Willie moved into his CASA apartment this spring. “I’m very content,” he says. “And I love my apartment. It’s beautiful! Everything…the walls, the floors, the cabinets, the bedroom, the bathroom. Everyone who comes to see it says it’s amazing.”
Moving into his own apartment wasn’t just about having a place to live for Willie. The apartment represents his return to the world. Willie has been sober for 2 years and 5 months after many years of addiction. He even quit smoking cigarettes. “I feel 100% better,” he smiles.
Willie graduated from a shelter program and transitional housing program for men with drug and alcohol addiction, and his application with CASA was approved just in time. “Not knowing when I was going to move and who I was going to be around…I was fearful of where I might have to go,” he remembers. “My time was up at the transitional housing and then I received a letter in the mail from CASA saying I’d been selected. It was a miracle.” Willie lives in a CASA development dedicated to veterans, and this is important to him: “Veterans have a bond, always, and I just like being around veterans.”

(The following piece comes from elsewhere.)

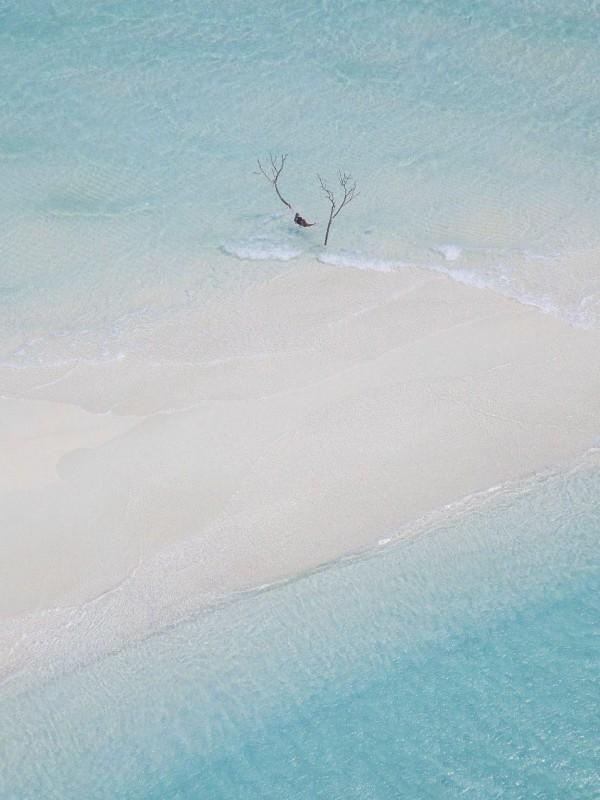 真心错付的伤感图片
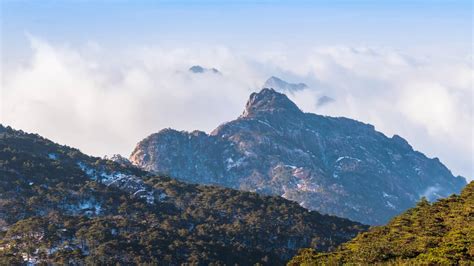 安徽黄山背景中的山雾树高清图片下载-正版图片503341470-摄图网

Willie was born in New Jersey and served in the military for four years. Afterward, Willie joined his father in the family business, a supermarket. His father died after a difficult illness, and the family sold the store. “My life slowly went off course,” Willie says. “I used a lot, I drank and drugged a lot, for years after that.” Willie’s mother died a few years later after a brief battle with cancer. “I took care of her until she passed,” he says. By then, Willie says, “I was addicted to drugs and alcohol. And then I became homeless.”
Wille wavered between using and sobriety for decades. He was clean for as many as seven years at a time, but when things got stressful, “I fell back onto drinking and drugs.” Eventually, Willie made his way to the VA clinic in Durham and asked for help. The clinic connected him to the recovery program and CASA’s Supportive Housing application.
Willie will be 52 years old this summer, and he reflects on how different life is for him now. The first couple of nights in his apartment “were different,” he remembers. “I didn’t know what to do with myself. I thought I’d fall asleep so peaceful, but I was up half the night. I was nervous because I hadn’t been alone in quite a while…but now it’s good. It’s good because it allows me to think and focus on me….now I meditate and I rest easy.” Willie sleeps through the night now. “I can definitely see a big improvement, because I’m content,” he explains. “I’m totally content.”
Willie mentors three men who are also in recovery. “The best thing I can offer is that I tell them every day to just every day make a gratitude list,” he explains. Willie has a long gratitude list, including grandchildren and his good health. But, he says, “I’m just mainly grateful for who I am today. It’s not so much of what I have, it’s just who I am. I’m good now, and everything’s like it should be.”